Los Angeles, 1973. Child welfare officer Anna (Linda Cardellini) investigates the case of Patricia Alvarez (Patricia Velasquez) a troubled mother, who believes her kids are being targeted by the ghost of La Llorona, a wronged spouse who drowned her two children as revenge for husband’s cheating in 1673 Mexico. When Patricia’s kids are found dead, she passes on La Llorona’s curse to Anna’s two kids.
If the likes of The Witch, Hereditary, and Suspiria occupy the rarefied air of so-called ‘elevated horror’, the Conjuring franchise (currently standing at two Conjurings, two Annabelles and a Nun) represents the other end of the scale – simpler, more profitable scarefests that only have one aim: to frighten the bejesus out of you. The Curse Of La Llorona, the latest entry in the Conjuring series (the link is Annabelle’s Father Perez played by Tony Amendola), rides along with similar honest ambitions but doesn’t meet them in an over-familiar effort filled with pallid genre staples.
Following a prologue that establishes the legend of La Llorona — in 17th Century Mexico, a wife drowns her two kids to spite her cheating husband, her guilty ghost subsequently preying on children to replace her own — the set-up for the main 1973 story is pedestrian. Anna (Linda Cardellini), the widow of a cop, works too hard for child protection services and plonks her two kids in front of the TV watching Scooby Doo (a nice throwback to Cardellini’s role as Velma in the live-action version). She is pulled into a case where mother Patricia Alvarez (Patricia Velasquez) has boarded her two children in a cupboard. Anna frees them and puts them in care, where they mysteriously wind up dead by dawn. Holding Anna responsible, Alvarez rants about a supernatural force and passes the La Llorona curse on to Anna’s kids, believing their death might bring back her own children (do hexes work on a tit-for-tat basis?)

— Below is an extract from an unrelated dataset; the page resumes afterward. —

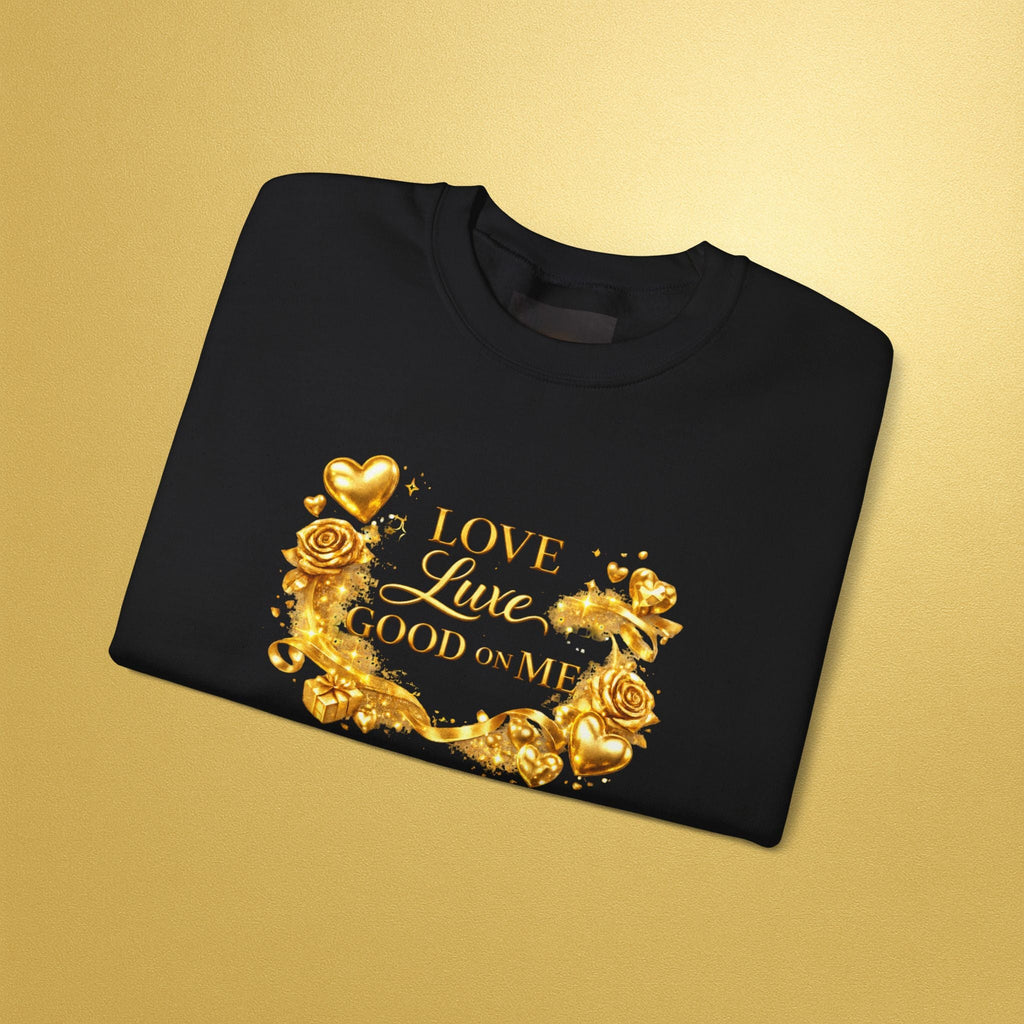 Valentine's 'Love Luxe Good on Me' Sweatshirt — Shiny Gold Crewneck - AURA BY RS ®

What prevails is a deluge of ineffective jump scares (the Weeping Woman is a seen-that-done-that yellow-eyed bride crying jet black tears in a wedding dress), hoary old tropes (spooky kids in corridors with flickering lights) and a convenient use of spectral laws of physics (this ghost can wind down car windows). There is the odd effective moment — a creepy poltergeist hair-wash — and Better Call Saul’s Raymond Cruz turns up as a Latino exorcist, lending the picture a dry sense of deadpan humour. But, despite Cardellini’s best efforts, this is tired, hackneyed stuff, winding up in a final ghost vs. family showdown that fizzles rather than frightens.